% Generated by roxygen2: do not edit by hand
% Please edit documentation in R/get_gender.R
\name{get_gender}
\alias{get_gender}
\title{Predict gender from Brazilian first names}
\usage{
get_gender(names, state = NULL, prob = FALSE, threshold = 0.9,
  internal = TRUE)
}
\arguments{
\item{names}{A string specifying a person's first name. Names can also be passed to the function
as a full name (e.g., Ana Maria de Souza). \code{get_gender} is case insensitive.}

\item{state}{A string with the state of federation abbreviation (e.g., \code{RJ} for Rio de Janeiro). If state is set to a value different from \code{NULL}, the \code{internal} argument is ignored.}

\item{prob}{Report the proportion of female uses of the name? Defaults to \code{FALSE}.}

\item{threshold}{Numeric indicating the threshold used in predictions.

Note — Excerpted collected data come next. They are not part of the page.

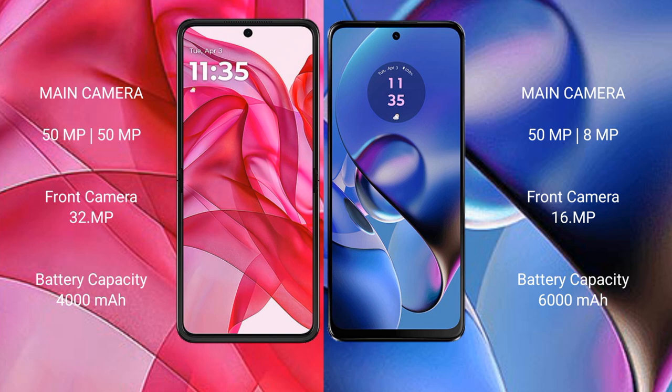The Motorola Razr 50 Ultra has a 4000mAh battery with 45W fast charging support, while the Motorola Moto G64 has a larger 6000mAh battery with 30W fast charging support.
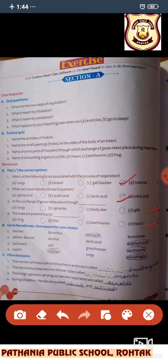Tick the odd ones and give reason for your choice. The examples given are trachea, bronchus, stomach, and alveoli. All three — trachea, bronchus, and bronchioles — are parts of the respiratory system, but the stomach is not. So the stomach is the different one.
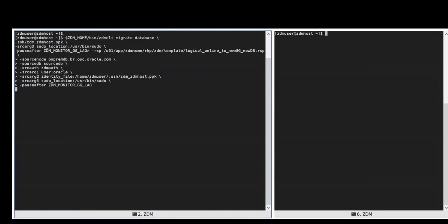ZDM is a command line product and here we're issuing a migrate database command with specific information for SSH connectivity to the source and target, specific response file with information pertaining to this migration. And as you can see here a pause after flag or option that is telling ZDM to perform a migration but when you reach the phase where you have to monitor the golden gate lag, please pause so we can do some testing and then later resume.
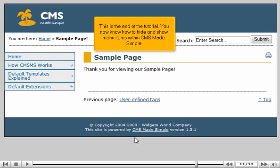This is the end of the tutorial. You now know how to hide and show menu items within CMS Made Simple.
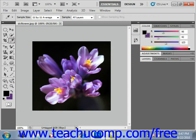You can also change the size of the point sample that the eyedropper tool selects. After selecting the eyedropper tool, you can select a point sample of either 3x3 average or 5x5 average from the sample size dropdown in the options bar in Photoshop CS and earlier versions.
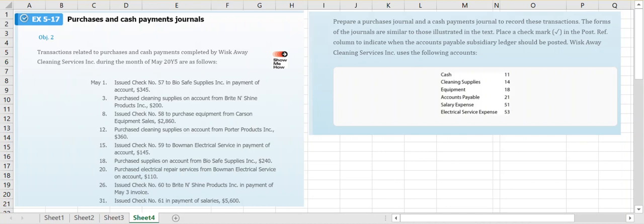In this example video we're going to look at exercise 5-17, which will show us how we can record our transactions in both the purchases journal and our cash payments journal. The transactions are related to the purchases and cash payments completed by Whisk Away Cleaning Services during the month of May.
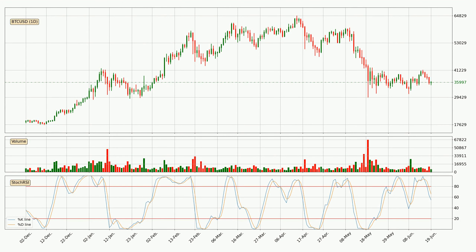Moving to the daily Stochastic RSI, it currently shows no overbought or oversold conditions, but we can see that the trend is currently going down because the K line is below the D line.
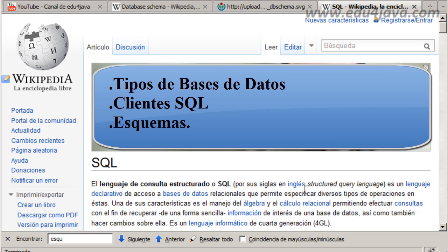Hello, I am Eli for Edu4Hava and this is tutorial number 2 of SQL. We are going to see types of database, SQL clients, and schemas.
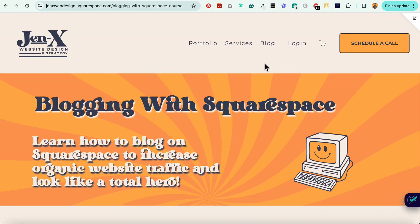If you haven't already, sign up to receive my free Squarespace blogging quick start guide. I hope you found this video helpful, and if you did, please give it a like. Consider subscribing to my channel, and maybe share this with someone who you think could use some help with this. But most of all, have fun with your Squarespace website.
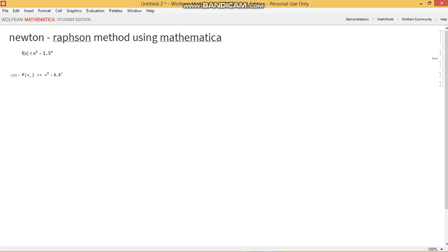Hello, welcome to my channel again. I will be discussing the Newton Raphson method using Mathematica.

Defaults to 0.9.}

\item{internal}{Use internal data to predict gender? Allowing this option makes the function way faster, but it does not support getting results by State. Defaults to \code{TRUE}.}
}
\value{
\code{get_gender} may returns three different values: \code{Female}, if the name provided is female;
\code{Male}, if the name provided is male; or \code{NA}, if we can not predict gender from the name given the chosen threshold.

If the \code{prob} argument is set to \code{TRUE}, then the function returns the proportion of females uses of the provided name.
}
\description{
\code{get_gender} uses the IBGE's 2010 Census data to predict gender from Brazilian first names.
More specifically, it uses data on the number of females and males with the same name
in Brazil, or in a given Brazilian state, and calculates the proportion of females using it.
The function classifies a name as male or female only when that proportion is higher than
a given threshold (e.g., \code{female if proportion > 0.9, the default}, or \code{male if proportion < 0.1});
proportions below this threshold are classified as missing (\code{NA}). This method is based on the 'gender'
package developed by Muellen (2016). gender: Predict Gender from Names Using Historical Data.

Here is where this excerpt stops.